To do: An exact copy of all the data is required, with pictures left out.

Recorded data:

····················

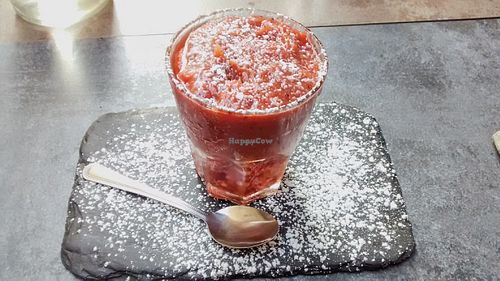 Fruit crumble at Le Bourgeon in Montpellier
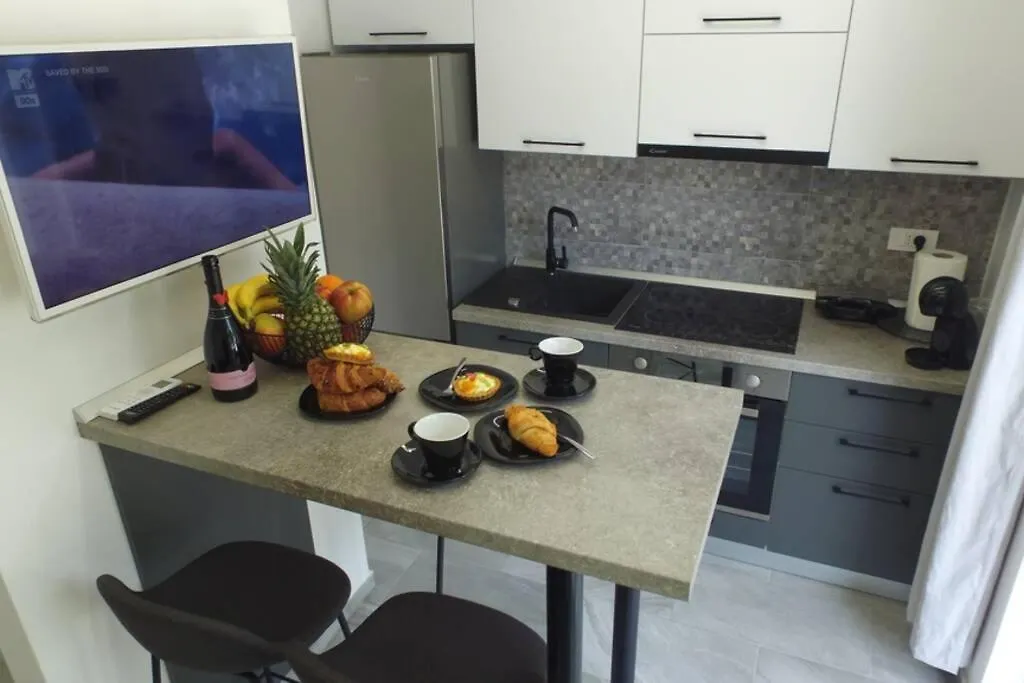 Apartment In Park Forest Soline Near The Sea Pjescana Uvala 0*,  Chorvatsko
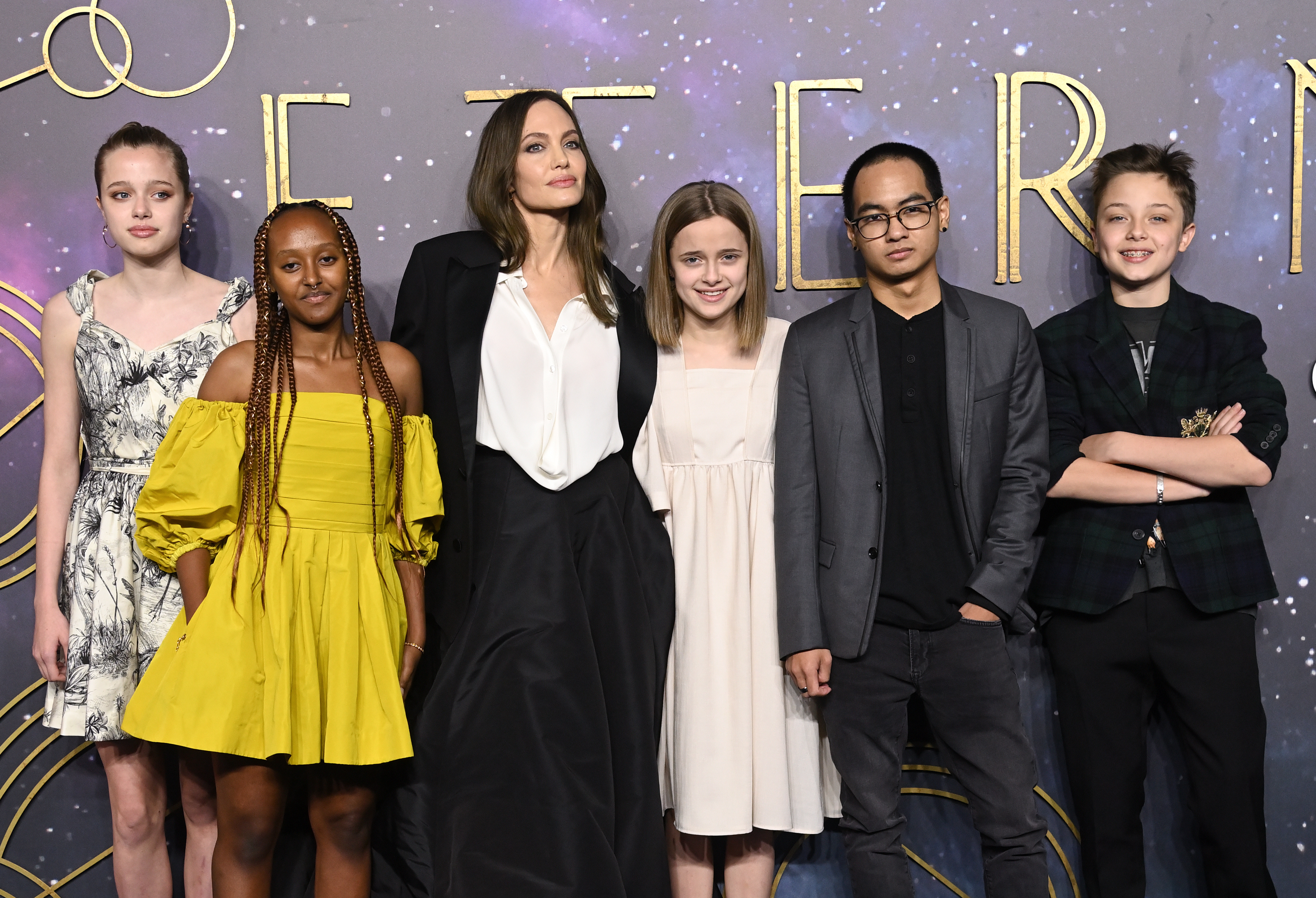 Angelina Jolie avec ses enfants Shiloh Jolie-Pitt, Zahara Jolie-Pitt, Vivienne Jolie-Pitt, Maddox Jolie-Pitt et Knox Jolie-Pitt lors de la cérémonie de remise des prix. « Eternals » UK premiere, in London, England, on October 27, 2021 | Getty Images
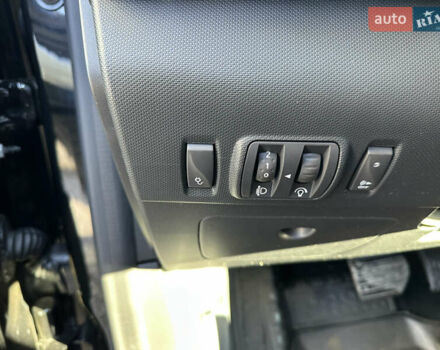 Черный Рено Зое, объемом двигателя 0 л и пробегом 152 тыс. км за 8700 $, фото 11 на Automoto.ua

····················

Response below:
 Fruit crumble at Le Bourgeon in Montpellier
 Apartment In Park Forest Soline Near The Sea Pjescana Uvala 0*,  Chorvatsko
 Angelina Jolie avec ses enfants Shiloh Jolie-Pitt, Zahara Jolie-Pitt, Vivienne Jolie-Pitt, Maddox Jolie-Pitt et Knox Jolie-Pitt lors de la cérémonie de remise des prix. « Eternals » UK premiere, in London, England, on October 27, 2021 | Getty Images
 Черный Рено Зое, объемом двигателя 0 л и пробегом 152 тыс. км за 8700 $, фото 11 на Automoto.ua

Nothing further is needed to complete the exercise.